Ayat Al Quran lainnya yang
menegaskan keutamaan ajaran Nabi Muhammad adalah :
"Apa yang diberikan Rasul kepadamu
maka terimalah dia, dan apa yang dilarangnya bagimu maka tinggalkanlah; dan
bertaqwalah kepada Allah. Sesungguhnya Allah sangat keras hukuman-Nya."
(Al-Hasyr ayat 7).
Nah karena kita
semua umat muslim maka ikutilah petunjuk Nabi kita sendiri yaitu Nabi
Muhammad Saw.
Jangan kita malah
mencampur adukkan ajaran islam dengan perilaku adat istiadat setempat yang
malah akan menjurus kearah Bid’ah.
Hakekat Bid’ah?
Bid’ah itu ada dua: menyangkut Keduniaan
dan menyangkut Agama. Bid’ah
(penciptaan) yang mengenai keduniaan itu boleh, selama tidak bertentangan
dengan Islam.
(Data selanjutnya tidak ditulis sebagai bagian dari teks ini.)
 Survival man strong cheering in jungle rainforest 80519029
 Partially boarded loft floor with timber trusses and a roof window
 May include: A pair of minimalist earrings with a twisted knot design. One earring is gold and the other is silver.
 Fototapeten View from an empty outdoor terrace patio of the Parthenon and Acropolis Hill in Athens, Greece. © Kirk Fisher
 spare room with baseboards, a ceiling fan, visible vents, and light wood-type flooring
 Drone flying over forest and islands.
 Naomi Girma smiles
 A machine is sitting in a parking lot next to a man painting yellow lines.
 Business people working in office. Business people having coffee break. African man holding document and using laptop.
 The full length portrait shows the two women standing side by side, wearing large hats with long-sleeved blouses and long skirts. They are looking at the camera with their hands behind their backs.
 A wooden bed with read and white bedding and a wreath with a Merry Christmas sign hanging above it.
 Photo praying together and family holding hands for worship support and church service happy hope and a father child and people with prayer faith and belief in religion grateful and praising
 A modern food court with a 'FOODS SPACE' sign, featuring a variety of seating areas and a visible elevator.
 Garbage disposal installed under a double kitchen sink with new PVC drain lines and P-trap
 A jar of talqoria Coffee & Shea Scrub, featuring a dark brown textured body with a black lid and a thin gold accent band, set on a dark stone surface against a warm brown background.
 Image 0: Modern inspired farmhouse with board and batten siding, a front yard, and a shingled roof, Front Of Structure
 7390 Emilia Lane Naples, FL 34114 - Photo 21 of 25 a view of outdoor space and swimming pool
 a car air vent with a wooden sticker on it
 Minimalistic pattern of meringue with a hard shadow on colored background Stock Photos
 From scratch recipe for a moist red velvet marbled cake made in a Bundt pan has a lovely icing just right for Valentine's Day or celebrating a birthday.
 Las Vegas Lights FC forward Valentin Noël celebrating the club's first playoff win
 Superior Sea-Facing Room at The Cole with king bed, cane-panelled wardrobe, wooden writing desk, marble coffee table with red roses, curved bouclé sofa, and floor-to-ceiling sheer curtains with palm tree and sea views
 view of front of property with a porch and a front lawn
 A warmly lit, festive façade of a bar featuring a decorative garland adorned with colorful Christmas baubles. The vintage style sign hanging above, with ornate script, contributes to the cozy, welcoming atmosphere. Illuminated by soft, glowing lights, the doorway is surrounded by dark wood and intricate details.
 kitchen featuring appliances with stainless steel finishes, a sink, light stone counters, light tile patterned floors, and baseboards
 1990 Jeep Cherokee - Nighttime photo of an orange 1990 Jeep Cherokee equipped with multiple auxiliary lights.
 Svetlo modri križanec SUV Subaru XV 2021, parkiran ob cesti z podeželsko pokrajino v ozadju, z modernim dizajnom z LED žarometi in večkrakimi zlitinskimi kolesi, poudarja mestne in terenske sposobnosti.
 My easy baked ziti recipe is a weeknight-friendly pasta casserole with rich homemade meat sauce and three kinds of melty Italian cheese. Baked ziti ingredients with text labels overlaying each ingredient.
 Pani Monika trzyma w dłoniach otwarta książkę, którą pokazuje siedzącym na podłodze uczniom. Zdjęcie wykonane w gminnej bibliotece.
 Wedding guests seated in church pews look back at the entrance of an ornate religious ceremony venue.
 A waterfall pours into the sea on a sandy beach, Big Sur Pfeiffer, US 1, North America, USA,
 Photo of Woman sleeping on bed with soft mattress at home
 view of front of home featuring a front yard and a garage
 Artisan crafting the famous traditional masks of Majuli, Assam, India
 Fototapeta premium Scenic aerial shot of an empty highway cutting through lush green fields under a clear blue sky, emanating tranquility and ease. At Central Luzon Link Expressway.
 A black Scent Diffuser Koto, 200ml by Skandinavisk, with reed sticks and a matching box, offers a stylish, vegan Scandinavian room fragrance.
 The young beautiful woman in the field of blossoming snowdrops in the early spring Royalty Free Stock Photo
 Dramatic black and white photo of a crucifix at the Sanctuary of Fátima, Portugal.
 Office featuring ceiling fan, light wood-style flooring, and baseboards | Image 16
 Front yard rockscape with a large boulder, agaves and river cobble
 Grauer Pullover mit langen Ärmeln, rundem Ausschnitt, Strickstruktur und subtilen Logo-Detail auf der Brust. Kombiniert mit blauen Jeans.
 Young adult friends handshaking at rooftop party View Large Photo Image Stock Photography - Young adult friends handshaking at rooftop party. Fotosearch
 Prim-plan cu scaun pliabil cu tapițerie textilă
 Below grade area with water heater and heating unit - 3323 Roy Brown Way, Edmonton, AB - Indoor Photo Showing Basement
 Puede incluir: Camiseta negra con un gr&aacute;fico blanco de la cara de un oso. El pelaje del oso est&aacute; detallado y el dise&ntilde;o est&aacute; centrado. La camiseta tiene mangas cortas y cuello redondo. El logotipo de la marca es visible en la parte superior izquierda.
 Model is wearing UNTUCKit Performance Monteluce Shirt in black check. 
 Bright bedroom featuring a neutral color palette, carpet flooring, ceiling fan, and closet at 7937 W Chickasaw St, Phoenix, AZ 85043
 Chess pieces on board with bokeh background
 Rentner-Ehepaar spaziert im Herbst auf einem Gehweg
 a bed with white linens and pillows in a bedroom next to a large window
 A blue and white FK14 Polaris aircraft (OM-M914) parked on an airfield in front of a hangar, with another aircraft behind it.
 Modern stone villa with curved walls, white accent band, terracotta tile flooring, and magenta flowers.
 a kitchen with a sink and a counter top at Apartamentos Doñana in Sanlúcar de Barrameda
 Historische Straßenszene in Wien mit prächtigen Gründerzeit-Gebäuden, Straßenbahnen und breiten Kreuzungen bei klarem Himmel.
Misalnya mengadakan pembangunan, menciptakan teknologi baru dsb.
Hukum Bid’ah
Adapun bid’ah yang menyangkut
agama itu haram, tidak dibolehkan. Karena, agama itu harus berdasarkan wahyu
dari Allah SWT. Manusia tidak berhak membuat syari’at (peraturan agama). Itu
hanya hak Allah SWT. Maka membuat bid’ah dalam agama itu melanggar hak Allah
SWT. Hingga Nabi Muhammad SAW menegaskan:
Rasulullah SAW bersabda: Artinya: “Barangsiapa mengada-adakan pada
perkara kami ini, sesuatu yang bukan darinya, maka itu adalah tertolak”.(HR Bukhari dan Muslim). Dan pada
riwayat lain: Artinya: “Barangsiapa melakukan amalan, bukan atas perintah
kami, maka amalan itu tertolak”.(HR
Muslim).
"Kamu semua harus berpegang teguh pada sunnahku
(setelah Al-Quran) dan sunnah khulafa' rasyidin yang mendapat petunjuk Allah
sesudahku. Berpeganglah dengan sunnah itu dan gigitlah dengan gerahammu sekuat-kuatnya,
serta jauhilah perkara yang diada-adakan (dalam agama), karena setiap perkara
yang diada-adakan itu adalah bid'ah, dan setiap bid'ah itu sesat." (HR Abu
Dawud dan Tirmidzi)
Contoh macam-macam bid’ah
-
Bid’ah berupa
ibadah yang tidak pernah ada asalnya dalam Islam, yaitu membuat-buat atau
mengada-adakan amalan ibadah yang tidak ada dasarnya pada syara’. Seperti
mengada-adakan shalat bikinan yang memang tidak disyariatkan, atau puasa
bikinan yang memang tidak ada tuntunannya, atau hari raya (A’yad) yang
memang tidak disyariatkan. Misalnya, mengadakan perayaan maulid dan yang
semacamnya.
-
Bid’ah berupa
menambahkan sesuatu atas ibadah yang sudah ada asalnya dalam syari’at Islam.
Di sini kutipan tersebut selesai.